== Input
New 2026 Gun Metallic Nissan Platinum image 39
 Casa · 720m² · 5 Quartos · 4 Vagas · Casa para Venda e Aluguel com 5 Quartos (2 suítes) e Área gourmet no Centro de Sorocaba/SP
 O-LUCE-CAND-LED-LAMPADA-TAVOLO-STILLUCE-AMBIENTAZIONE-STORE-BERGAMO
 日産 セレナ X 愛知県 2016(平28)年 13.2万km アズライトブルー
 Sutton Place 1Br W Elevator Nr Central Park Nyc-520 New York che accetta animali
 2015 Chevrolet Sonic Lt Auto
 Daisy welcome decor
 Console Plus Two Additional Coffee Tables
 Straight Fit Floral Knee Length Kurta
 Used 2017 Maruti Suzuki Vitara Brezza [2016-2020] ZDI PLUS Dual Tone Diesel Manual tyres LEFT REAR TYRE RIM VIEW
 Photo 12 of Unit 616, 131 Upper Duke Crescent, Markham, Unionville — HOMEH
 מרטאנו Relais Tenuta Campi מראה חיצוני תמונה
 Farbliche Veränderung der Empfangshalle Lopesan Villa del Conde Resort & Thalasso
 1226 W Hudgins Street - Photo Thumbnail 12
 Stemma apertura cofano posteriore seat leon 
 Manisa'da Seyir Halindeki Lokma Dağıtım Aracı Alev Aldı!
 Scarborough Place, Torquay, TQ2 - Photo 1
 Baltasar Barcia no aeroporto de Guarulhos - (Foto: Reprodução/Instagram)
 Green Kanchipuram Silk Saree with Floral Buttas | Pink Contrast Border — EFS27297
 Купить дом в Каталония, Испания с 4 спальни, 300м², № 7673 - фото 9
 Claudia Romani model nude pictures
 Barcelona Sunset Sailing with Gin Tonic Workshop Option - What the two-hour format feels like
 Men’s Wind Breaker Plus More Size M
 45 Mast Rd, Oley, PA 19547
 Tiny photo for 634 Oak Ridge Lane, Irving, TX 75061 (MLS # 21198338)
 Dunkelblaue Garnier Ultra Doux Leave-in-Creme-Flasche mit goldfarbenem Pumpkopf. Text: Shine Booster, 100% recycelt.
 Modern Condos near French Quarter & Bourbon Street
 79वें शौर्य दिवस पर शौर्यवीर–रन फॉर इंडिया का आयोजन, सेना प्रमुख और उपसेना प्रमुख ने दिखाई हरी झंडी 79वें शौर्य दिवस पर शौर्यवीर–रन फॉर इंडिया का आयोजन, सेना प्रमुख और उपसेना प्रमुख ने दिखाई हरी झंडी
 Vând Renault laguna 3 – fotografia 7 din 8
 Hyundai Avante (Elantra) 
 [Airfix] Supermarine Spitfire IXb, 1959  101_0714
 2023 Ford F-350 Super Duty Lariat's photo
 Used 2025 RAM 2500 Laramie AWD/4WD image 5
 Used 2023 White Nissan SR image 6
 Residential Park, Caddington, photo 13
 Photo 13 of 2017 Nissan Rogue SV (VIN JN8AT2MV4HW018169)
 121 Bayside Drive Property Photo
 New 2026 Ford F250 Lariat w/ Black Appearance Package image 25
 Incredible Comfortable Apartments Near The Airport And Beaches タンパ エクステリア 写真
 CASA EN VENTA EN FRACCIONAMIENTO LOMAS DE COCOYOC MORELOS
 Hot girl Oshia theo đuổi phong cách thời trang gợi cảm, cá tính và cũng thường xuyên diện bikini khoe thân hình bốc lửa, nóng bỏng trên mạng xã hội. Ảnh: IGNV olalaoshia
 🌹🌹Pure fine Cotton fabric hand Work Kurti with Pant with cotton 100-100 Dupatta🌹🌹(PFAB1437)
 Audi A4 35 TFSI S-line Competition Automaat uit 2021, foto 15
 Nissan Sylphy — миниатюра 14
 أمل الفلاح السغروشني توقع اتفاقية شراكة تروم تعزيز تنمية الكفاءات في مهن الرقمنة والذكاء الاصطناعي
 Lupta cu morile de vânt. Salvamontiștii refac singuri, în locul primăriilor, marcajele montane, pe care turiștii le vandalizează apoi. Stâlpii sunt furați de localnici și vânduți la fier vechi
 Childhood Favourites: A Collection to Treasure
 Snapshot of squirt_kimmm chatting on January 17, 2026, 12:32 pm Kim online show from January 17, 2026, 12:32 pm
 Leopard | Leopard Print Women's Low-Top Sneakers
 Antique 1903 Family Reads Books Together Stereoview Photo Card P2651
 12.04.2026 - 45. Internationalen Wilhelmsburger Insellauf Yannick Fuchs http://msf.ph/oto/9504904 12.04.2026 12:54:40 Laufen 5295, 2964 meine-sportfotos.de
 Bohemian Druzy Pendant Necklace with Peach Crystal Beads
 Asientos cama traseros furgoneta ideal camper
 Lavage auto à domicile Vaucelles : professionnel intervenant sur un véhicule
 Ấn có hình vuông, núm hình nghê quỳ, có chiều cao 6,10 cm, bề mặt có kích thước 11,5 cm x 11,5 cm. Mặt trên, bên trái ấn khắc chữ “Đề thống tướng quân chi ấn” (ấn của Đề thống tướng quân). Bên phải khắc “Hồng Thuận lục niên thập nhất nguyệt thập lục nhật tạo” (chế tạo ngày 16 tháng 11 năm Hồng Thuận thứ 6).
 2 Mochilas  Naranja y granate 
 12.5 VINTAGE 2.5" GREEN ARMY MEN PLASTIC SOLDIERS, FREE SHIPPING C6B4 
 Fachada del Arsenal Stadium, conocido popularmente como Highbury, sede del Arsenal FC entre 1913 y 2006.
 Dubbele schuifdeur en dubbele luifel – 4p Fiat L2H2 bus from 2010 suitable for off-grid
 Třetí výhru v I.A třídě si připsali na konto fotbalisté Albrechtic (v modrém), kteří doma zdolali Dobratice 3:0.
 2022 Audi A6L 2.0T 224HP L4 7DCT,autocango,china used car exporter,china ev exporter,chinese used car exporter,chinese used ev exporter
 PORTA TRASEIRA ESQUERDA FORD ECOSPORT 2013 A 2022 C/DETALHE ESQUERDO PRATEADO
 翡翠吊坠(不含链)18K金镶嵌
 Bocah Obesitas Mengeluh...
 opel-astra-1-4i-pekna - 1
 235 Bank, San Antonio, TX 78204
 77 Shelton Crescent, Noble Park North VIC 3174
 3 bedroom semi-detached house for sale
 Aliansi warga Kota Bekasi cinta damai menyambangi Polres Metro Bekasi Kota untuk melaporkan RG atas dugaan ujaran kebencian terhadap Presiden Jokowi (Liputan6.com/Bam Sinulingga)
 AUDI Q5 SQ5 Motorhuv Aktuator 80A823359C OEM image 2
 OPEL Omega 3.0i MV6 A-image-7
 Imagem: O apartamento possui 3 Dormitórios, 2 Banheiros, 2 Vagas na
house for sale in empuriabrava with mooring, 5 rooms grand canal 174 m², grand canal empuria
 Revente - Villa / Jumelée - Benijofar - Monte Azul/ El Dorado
====
Nothing may be dropped or altered; repeat every record in full.

New 2026 Gun Metallic Nissan Platinum image 39
 Casa · 720m² · 5 Quartos · 4 Vagas · Casa para Venda e Aluguel com 5 Quartos (2 suítes) e Área gourmet no Centro de Sorocaba/SP
 O-LUCE-CAND-LED-LAMPADA-TAVOLO-STILLUCE-AMBIENTAZIONE-STORE-BERGAMO
 日産 セレナ X 愛知県 2016(平28)年 13.2万km アズライトブルー
 Sutton Place 1Br W Elevator Nr Central Park Nyc-520 New York che accetta animali
 2015 Chevrolet Sonic Lt Auto
 Daisy welcome decor
 Console Plus Two Additional Coffee Tables
 Straight Fit Floral Knee Length Kurta
 Used 2017 Maruti Suzuki Vitara Brezza [2016-2020] ZDI PLUS Dual Tone Diesel Manual tyres LEFT REAR TYRE RIM VIEW
 Photo 12 of Unit 616, 131 Upper Duke Crescent, Markham, Unionville — HOMEH
 מרטאנו Relais Tenuta Campi מראה חיצוני תמונה
 Farbliche Veränderung der Empfangshalle Lopesan Villa del Conde Resort & Thalasso
 1226 W Hudgins Street - Photo Thumbnail 12
 Stemma apertura cofano posteriore seat leon 
 Manisa'da Seyir Halindeki Lokma Dağıtım Aracı Alev Aldı!
 Scarborough Place, Torquay, TQ2 - Photo 1
 Baltasar Barcia no aeroporto de Guarulhos - (Foto: Reprodução/Instagram)
 Green Kanchipuram Silk Saree with Floral Buttas | Pink Contrast Border — EFS27297
 Купить дом в Каталония, Испания с 4 спальни, 300м², № 7673 - фото 9
 Claudia Romani model nude pictures
 Barcelona Sunset Sailing with Gin Tonic Workshop Option - What the two-hour format feels like
 Men’s Wind Breaker Plus More Size M
 45 Mast Rd, Oley, PA 19547
 Tiny photo for 634 Oak Ridge Lane, Irving, TX 75061 (MLS # 21198338)
 Dunkelblaue Garnier Ultra Doux Leave-in-Creme-Flasche mit goldfarbenem Pumpkopf. Text: Shine Booster, 100% recycelt.
 Modern Condos near French Quarter & Bourbon Street
 79वें शौर्य दिवस पर शौर्यवीर–रन फॉर इंडिया का आयोजन, सेना प्रमुख और उपसेना प्रमुख ने दिखाई हरी झंडी 79वें शौर्य दिवस पर शौर्यवीर–रन फॉर इंडिया का आयोजन, सेना प्रमुख और उपसेना प्रमुख ने दिखाई हरी झंडी
 Vând Renault laguna 3 – fotografia 7 din 8
 Hyundai Avante (Elantra) 
 [Airfix] Supermarine Spitfire IXb, 1959  101_0714
 2023 Ford F-350 Super Duty Lariat's photo
 Used 2025 RAM 2500 Laramie AWD/4WD image 5
 Used 2023 White Nissan SR image 6
 Residential Park, Caddington, photo 13
 Photo 13 of 2017 Nissan Rogue SV (VIN JN8AT2MV4HW018169)
 121 Bayside Drive Property Photo
 New 2026 Ford F250 Lariat w/ Black Appearance Package image 25
 Incredible Comfortable Apartments Near The Airport And Beaches タンパ エクステリア 写真
 CASA EN VENTA EN FRACCIONAMIENTO LOMAS DE COCOYOC MORELOS
 Hot girl Oshia theo đuổi phong cách thời trang gợi cảm, cá tính và cũng thường xuyên diện bikini khoe thân hình bốc lửa, nóng bỏng trên mạng xã hội. Ảnh: IGNV olalaoshia
 🌹🌹Pure fine Cotton fabric hand Work Kurti with Pant with cotton 100-100 Dupatta🌹🌹(PFAB1437)
 Audi A4 35 TFSI S-line Competition Automaat uit 2021, foto 15
 Nissan Sylphy — миниатюра 14
 أمل الفلاح السغروشني توقع اتفاقية شراكة تروم تعزيز تنمية الكفاءات في مهن الرقمنة والذكاء الاصطناعي
 Lupta cu morile de vânt. Salvamontiștii refac singuri, în locul primăriilor, marcajele montane, pe care turiștii le vandalizează apoi. Stâlpii sunt furați de localnici și vânduți la fier vechi
 Childhood Favourites: A Collection to Treasure
 Snapshot of squirt_kimmm chatting on January 17, 2026, 12:32 pm Kim online show from January 17, 2026, 12:32 pm
 Leopard | Leopard Print Women's Low-Top Sneakers
 Antique 1903 Family Reads Books Together Stereoview Photo Card P2651
 12.04.2026 - 45. Internationalen Wilhelmsburger Insellauf Yannick Fuchs http://msf.ph/oto/9504904 12.04.2026 12:54:40 Laufen 5295, 2964 meine-sportfotos.de
 Bohemian Druzy Pendant Necklace with Peach Crystal Beads
 Asientos cama traseros furgoneta ideal camper
 Lavage auto à domicile Vaucelles : professionnel intervenant sur un véhicule
 Ấn có hình vuông, núm hình nghê quỳ, có chiều cao 6,10 cm, bề mặt có kích thước 11,5 cm x 11,5 cm. Mặt trên, bên trái ấn khắc chữ “Đề thống tướng quân chi ấn” (ấn của Đề thống tướng quân). Bên phải khắc “Hồng Thuận lục niên thập nhất nguyệt thập lục nhật tạo” (chế tạo ngày 16 tháng 11 năm Hồng Thuận thứ 6).
 2 Mochilas  Naranja y granate 
 12.5 VINTAGE 2.5" GREEN ARMY MEN PLASTIC SOLDIERS, FREE SHIPPING C6B4 
 Fachada del Arsenal Stadium, conocido popularmente como Highbury, sede del Arsenal FC entre 1913 y 2006.
 Dubbele schuifdeur en dubbele luifel – 4p Fiat L2H2 bus from 2010 suitable for off-grid
 Třetí výhru v I.A třídě si připsali na konto fotbalisté Albrechtic (v modrém), kteří doma zdolali Dobratice 3:0.
 2022 Audi A6L 2.0T 224HP L4 7DCT,autocango,china used car exporter,china ev exporter,chinese used car exporter,chinese used ev exporter
 PORTA TRASEIRA ESQUERDA FORD ECOSPORT 2013 A 2022 C/DETALHE ESQUERDO PRATEADO
 翡翠吊坠(不含链)18K金镶嵌
 Bocah Obesitas Mengeluh...
 opel-astra-1-4i-pekna - 1
 235 Bank, San Antonio, TX 78204
 77 Shelton Crescent, Noble Park North VIC 3174
 3 bedroom semi-detached house for sale
 Aliansi warga Kota Bekasi cinta damai menyambangi Polres Metro Bekasi Kota untuk melaporkan RG atas dugaan ujaran kebencian terhadap Presiden Jokowi (Liputan6.com/Bam Sinulingga)
 AUDI Q5 SQ5 Motorhuv Aktuator 80A823359C OEM image 2
 OPEL Omega 3.0i MV6 A-image-7
 Imagem: O apartamento possui 3 Dormitórios, 2 Banheiros, 2 Vagas na
house for sale in empuriabrava with mooring, 5 rooms grand canal 174 m², grand canal empuria
 Revente - Villa / Jumelée - Benijofar - Monte Azul/ El Dorado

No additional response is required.